┌──

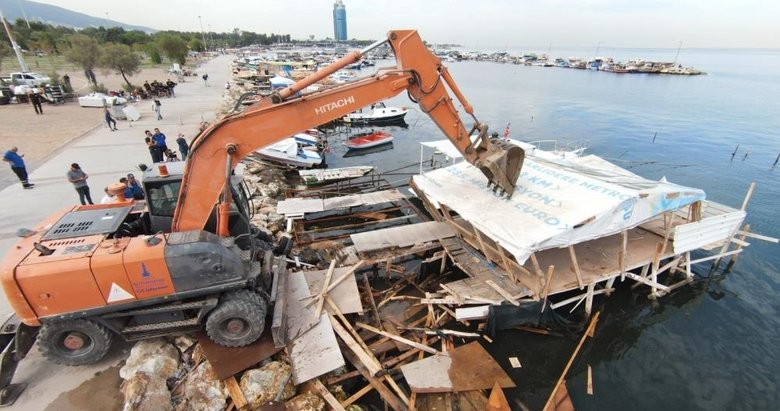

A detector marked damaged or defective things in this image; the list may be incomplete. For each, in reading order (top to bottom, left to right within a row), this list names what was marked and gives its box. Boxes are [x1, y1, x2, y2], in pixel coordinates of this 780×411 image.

shattered plywood sheet [278, 189, 406, 217]
shattered plywood sheet [348, 222, 454, 254]
shattered plywood sheet [304, 268, 366, 316]
shattered plywood sheet [284, 272, 342, 384]
broken wooden plank [396, 342, 516, 394]
shattered plywood sheet [400, 342, 516, 394]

└──

» **Exercise**:
Write out every entry exactly. Pictures do not belong in the copy.

» **Answer to this exercise**:
A detector marked damaged or defective things in this image; the list may be incomplete. For each, in reading order (top to bottom, left to right within a row), this list names what was marked and gives its box. Boxes are [x1, y1, x2, y2], in pixel coordinates of this 780×411 image.

shattered plywood sheet [278, 189, 406, 217]
shattered plywood sheet [348, 222, 454, 254]
shattered plywood sheet [304, 268, 366, 316]
shattered plywood sheet [284, 272, 342, 384]
broken wooden plank [396, 342, 516, 394]
shattered plywood sheet [400, 342, 516, 394]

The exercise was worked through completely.